------ RECORDS TO PROCESS ------

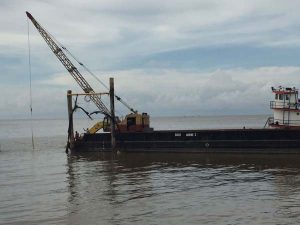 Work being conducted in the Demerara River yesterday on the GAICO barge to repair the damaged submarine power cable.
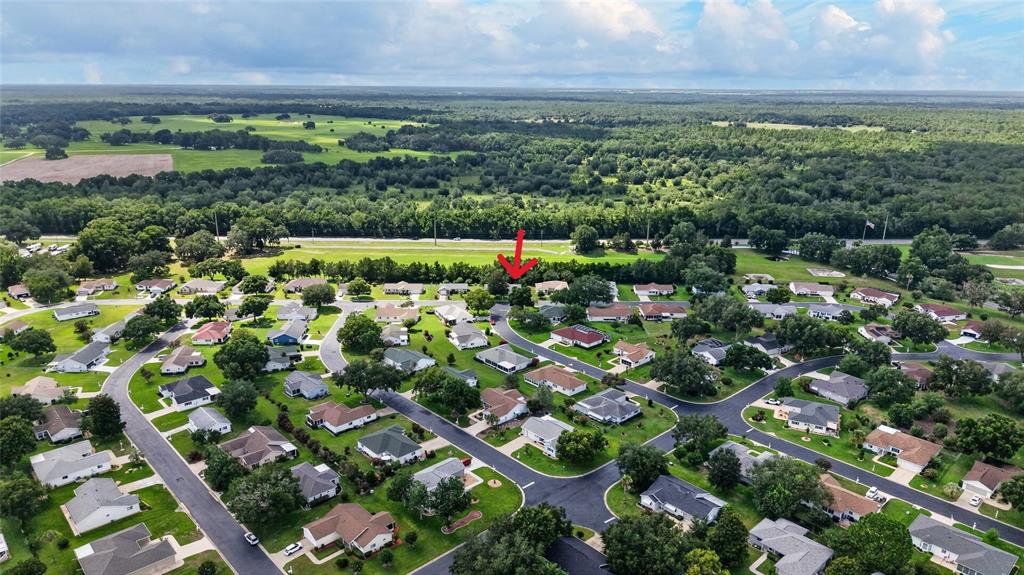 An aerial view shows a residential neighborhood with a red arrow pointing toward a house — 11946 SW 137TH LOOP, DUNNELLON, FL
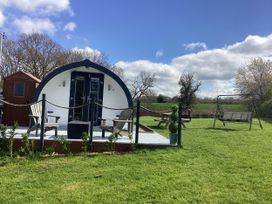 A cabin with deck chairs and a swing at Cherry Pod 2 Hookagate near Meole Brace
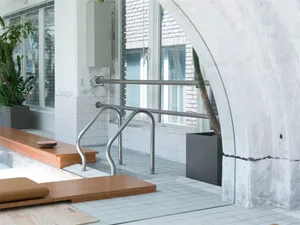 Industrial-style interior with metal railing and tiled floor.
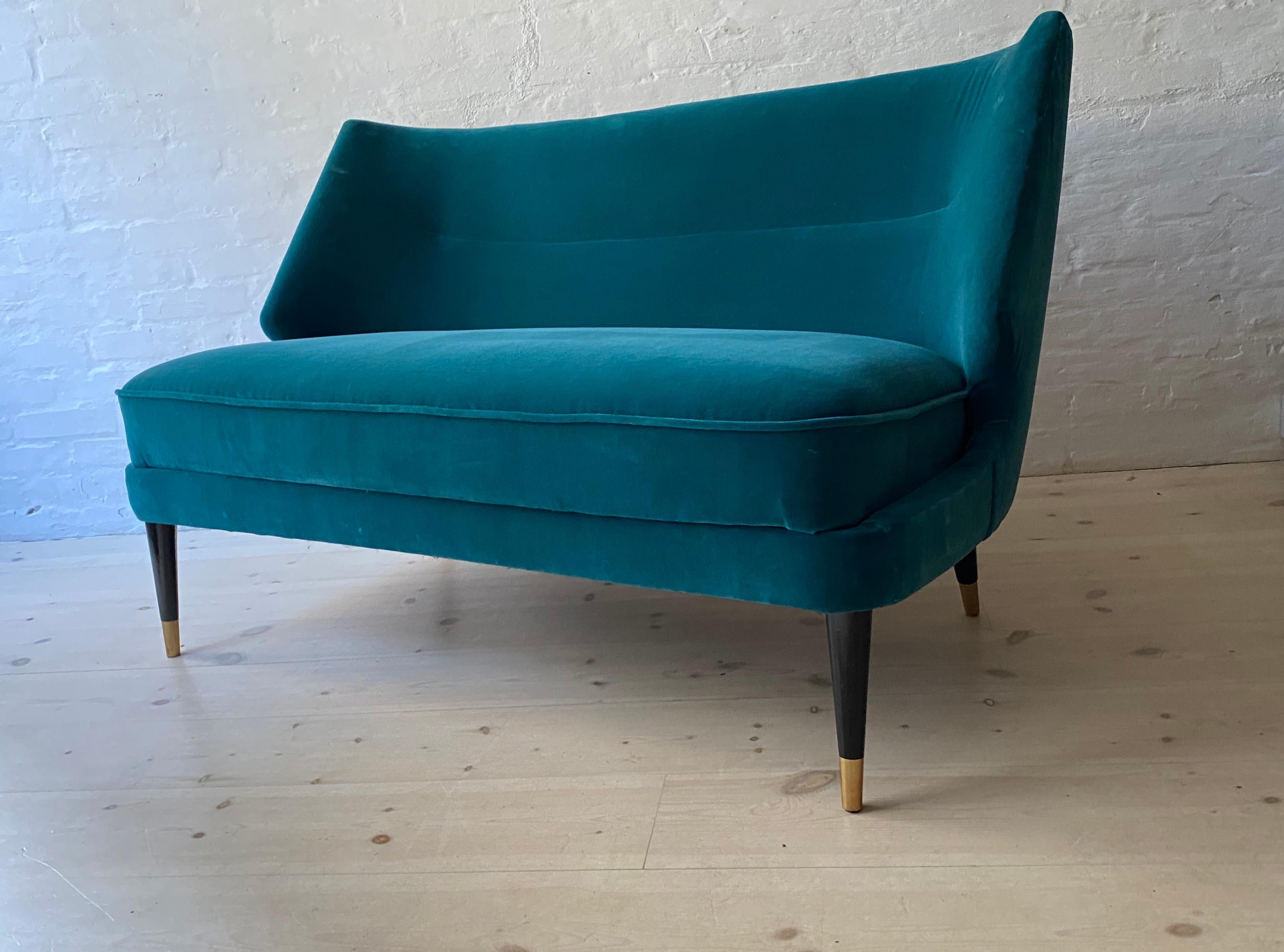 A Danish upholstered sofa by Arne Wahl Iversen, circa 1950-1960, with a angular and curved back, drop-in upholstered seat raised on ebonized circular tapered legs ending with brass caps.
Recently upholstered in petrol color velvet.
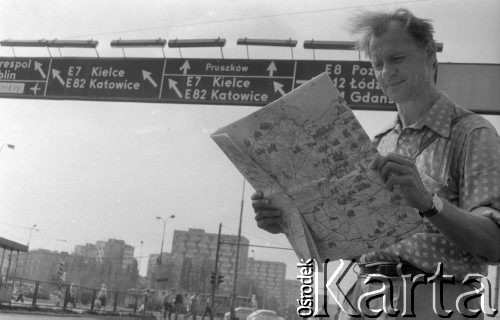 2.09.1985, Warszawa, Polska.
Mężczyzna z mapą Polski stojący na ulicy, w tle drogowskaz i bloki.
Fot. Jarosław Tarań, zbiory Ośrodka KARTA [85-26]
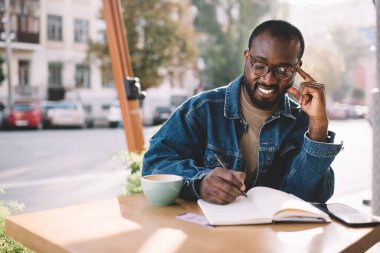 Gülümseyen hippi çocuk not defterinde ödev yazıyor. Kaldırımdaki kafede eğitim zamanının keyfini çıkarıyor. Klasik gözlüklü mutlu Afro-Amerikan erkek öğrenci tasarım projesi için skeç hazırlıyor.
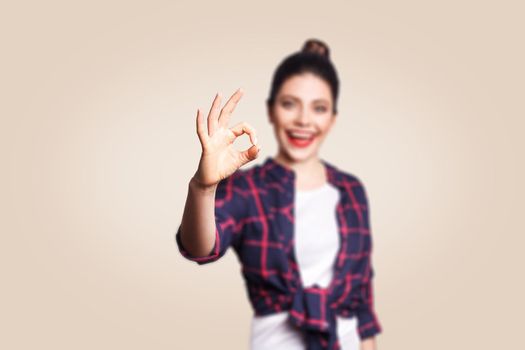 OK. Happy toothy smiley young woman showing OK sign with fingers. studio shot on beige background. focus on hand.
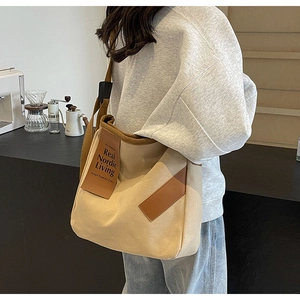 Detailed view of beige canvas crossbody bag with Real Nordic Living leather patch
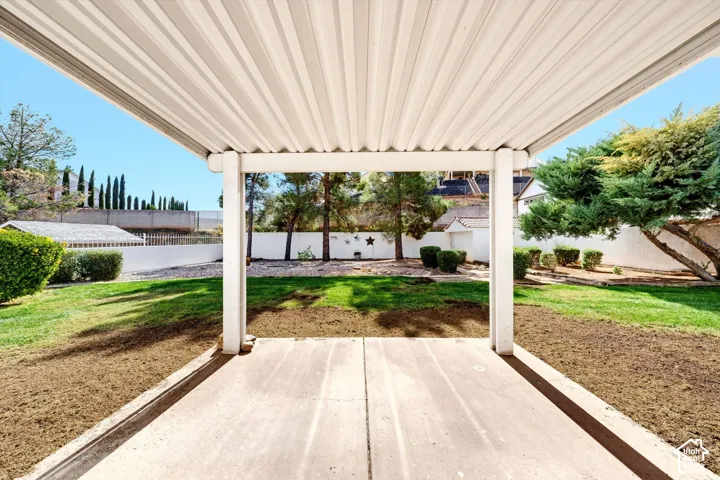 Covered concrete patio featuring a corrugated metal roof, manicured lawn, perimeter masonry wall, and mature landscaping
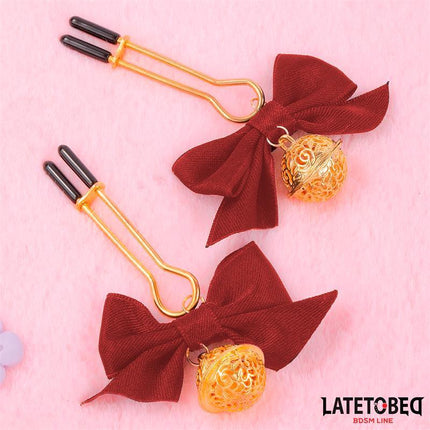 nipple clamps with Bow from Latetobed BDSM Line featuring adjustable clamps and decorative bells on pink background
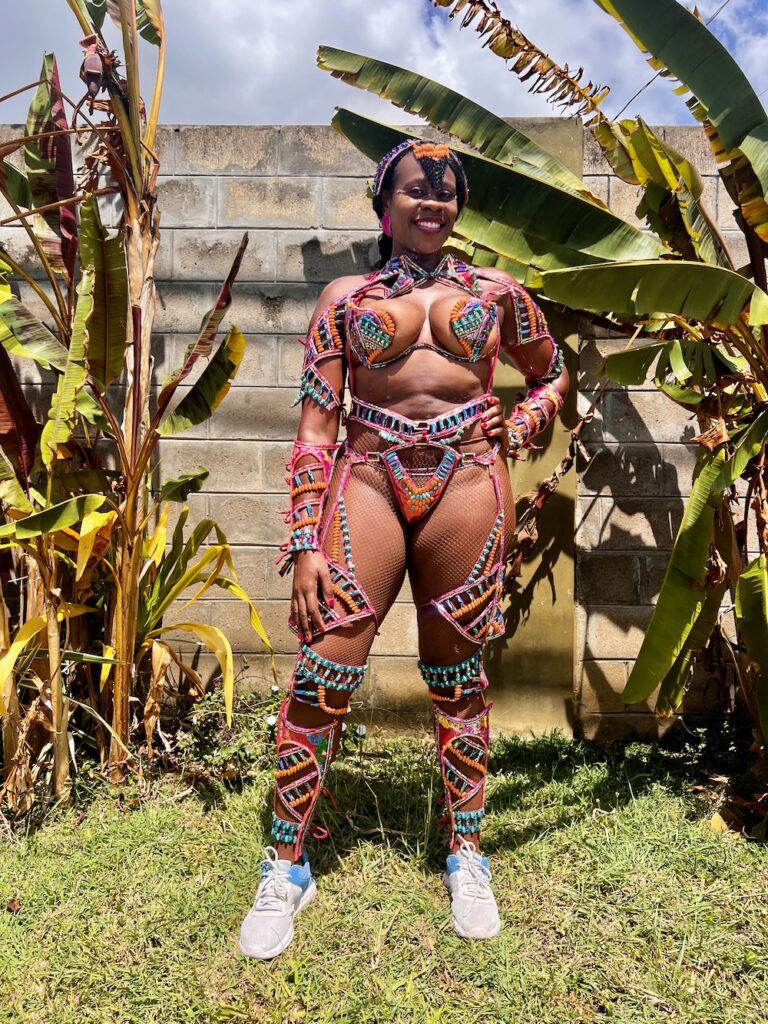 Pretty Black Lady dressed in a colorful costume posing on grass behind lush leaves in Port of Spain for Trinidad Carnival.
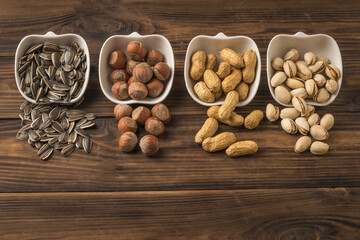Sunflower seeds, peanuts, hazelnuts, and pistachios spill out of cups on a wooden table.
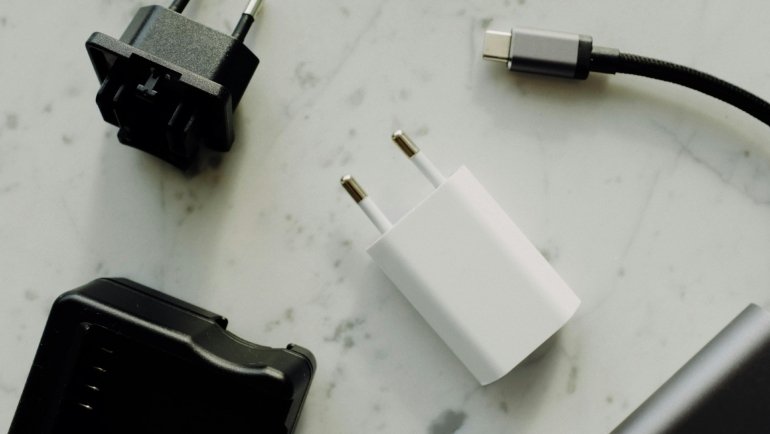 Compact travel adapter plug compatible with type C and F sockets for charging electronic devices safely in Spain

------

• TASK DESCRIPTION:
The answer is the run of lines above from the line containing "Mężczyzna z mapą" through the line containing "Fot. Jarosław Tarań, zbiory", copied exactly and alone.

• PROBLEM SOLUTION:
Mężczyzna z mapą Polski stojący na ulicy, w tle drogowskaz i bloki.
Fot. Jarosław Tarań, zbiory Ośrodka KARTA [85-26]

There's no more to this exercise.